Reign, about Mary Queen of Scots’ teenage years, begins next Thursday. It’s a promising premise—at the very least, Showtime could wring something with the enjoyable boudoir realism of The Tudors or The Borgias out of it— but here it’s Sofia Coppola lite, Marie Antoinette by way of Gossip Girl and an Anthropologie catalog, with a group of wide-eyed girls lolling around to Mumford & Sons in modern-cut frocks with Haim hair contending with social hierarchy and cute boys. (Girls is also an influence: Reign borrows the scene from early in Season 1 when Marnie has an emergency masturbation session, but on Reign, the lady-in-waiting emergency-masturbating in a castle stairwell gets discovered by the King of France, who then has sex with her.) And just in case being a world historical figure did not make Mary Stuart special enough, Reign gives her either a special spectral friend or the second sight. Spoiler warning, but if she ever really had either, Mary Stuart probably would not have spent the last 18 years of her life locked up in castles waiting to be executed.

Also new to the CW this year: The Originals, which premiered last week and is a spin-off of its hit The Vampire Diaries, starring a vampire-werewolf hybrid who returns to New Orleans to deal with vampires and witches. Come midseason, there will be Star-Crossed, about discriminated-against aliens with special healing powers who desegregate a local public school. (Even more remarkable than their powers is the aliens’ race: They are all white. This makes Star-Crossed a direct allegory for Little Rock, but with only Caucasians.) Also premiering midseason is The 100, a show about 100 ordinary juvenile delinquents who … are the only people exploring a post-apocalyptic Earth.

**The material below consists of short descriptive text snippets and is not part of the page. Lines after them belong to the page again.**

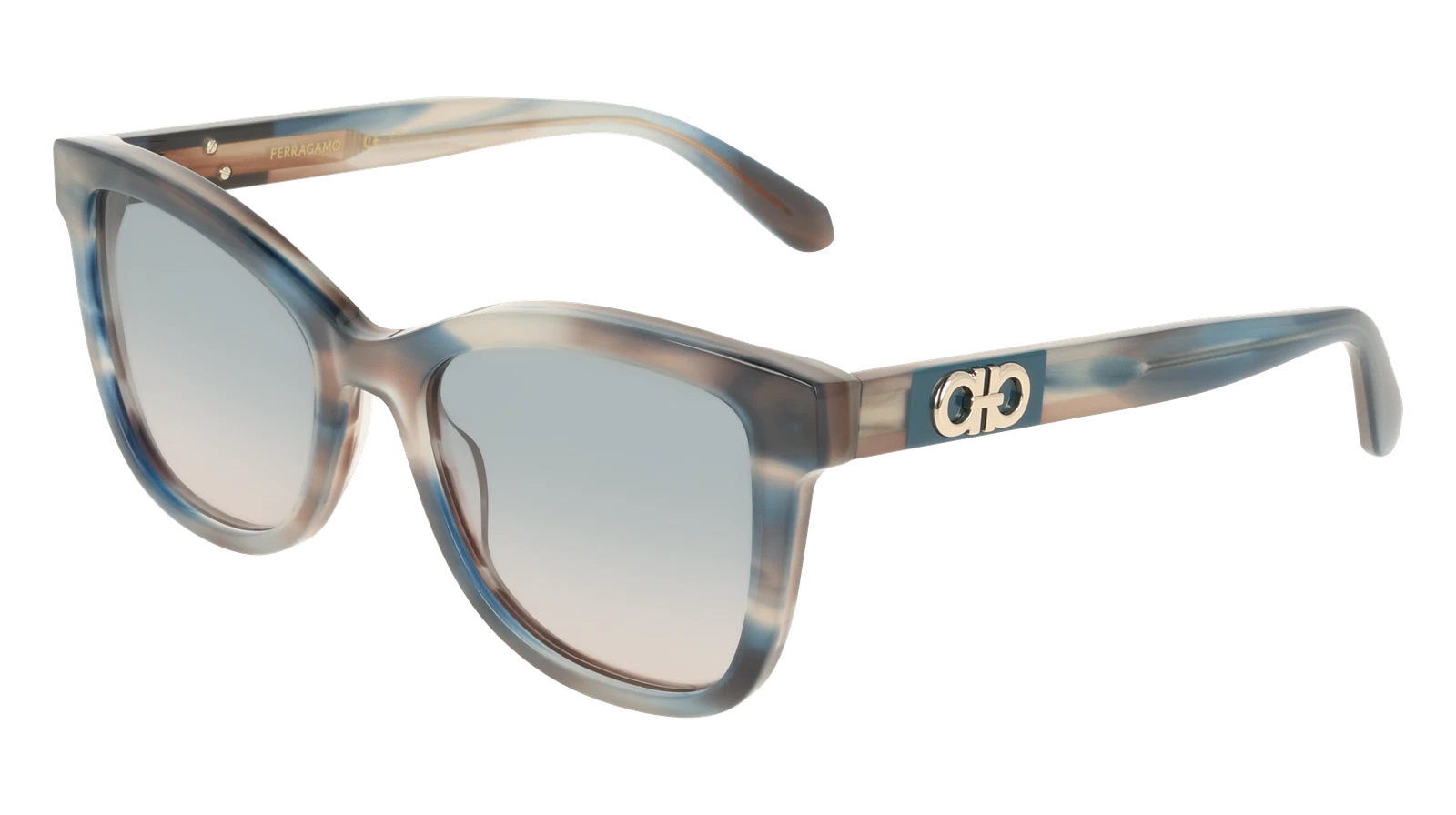 Ferragamo — FERRAGAMO SF2108S 314 STRIPED SAND BLUE 54/19/145 FEMALE Sunglasses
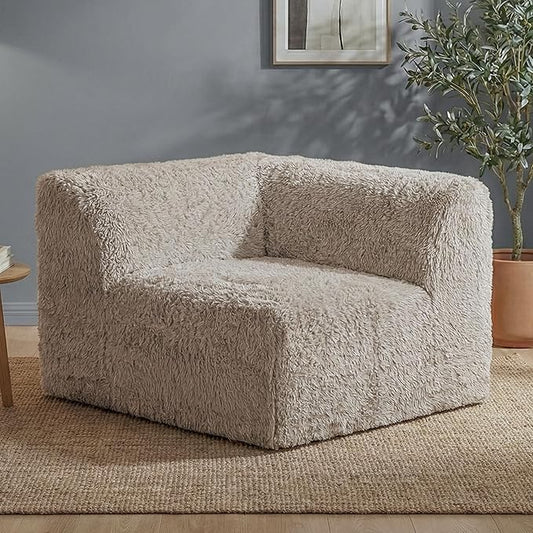Furniture of America Havyn Modern Faux Fur 1-Seater Modular Foam Sofa Chair with Curved Arm & Deep Seat, Compressed Couch in a Box, No Assembly Required, for Living Room and Office, Taupe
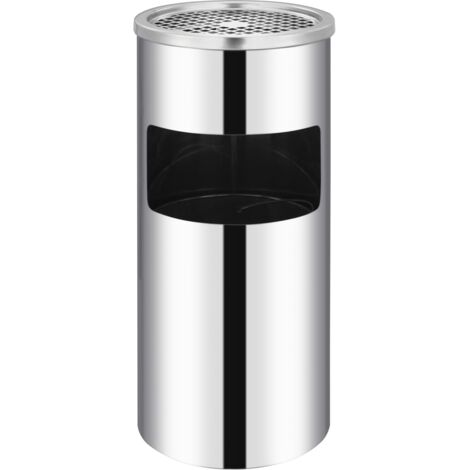 Papelera con cenicero de pared acero inxodable 26 L vidaXL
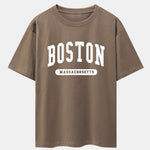 Boston Slogan Print Drop Shoulder Oversize T-Shirt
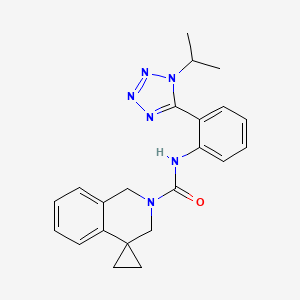 molecular formula C22H24N6O B6768687 N-[2-(1-propan-2-yltetrazol-5-yl)phenyl]spiro[1,3-dihydroisoquinoline-4,1'-cyclopropane]-2-carboxamide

In short, if you are looking for normal teenagers, go watch ABC Family, which now specializes in making exactly the sort of shows that used to be the CW’s métier. Pretty Little Liars, The Fosters, Switched at Birth, Twisted, not to mention the wonderful and cancelled Bunheads and Huge, feature characters with no super-powers—just identifiable, charming, complicated, addictive, relatively normal teenage problems. ABC Family’s regular kids may not be as flashy as the CW’s stable of superheroes, but they have higher ratings: The CW’s highest-ranked show, Vampire Diaries, had 2.6 million viewers for its season premiere, while Pretty Little Liars had 3.3 million for its August finale.  More importantly, they make for better television. Adolescence is dramatic enough even without fangs.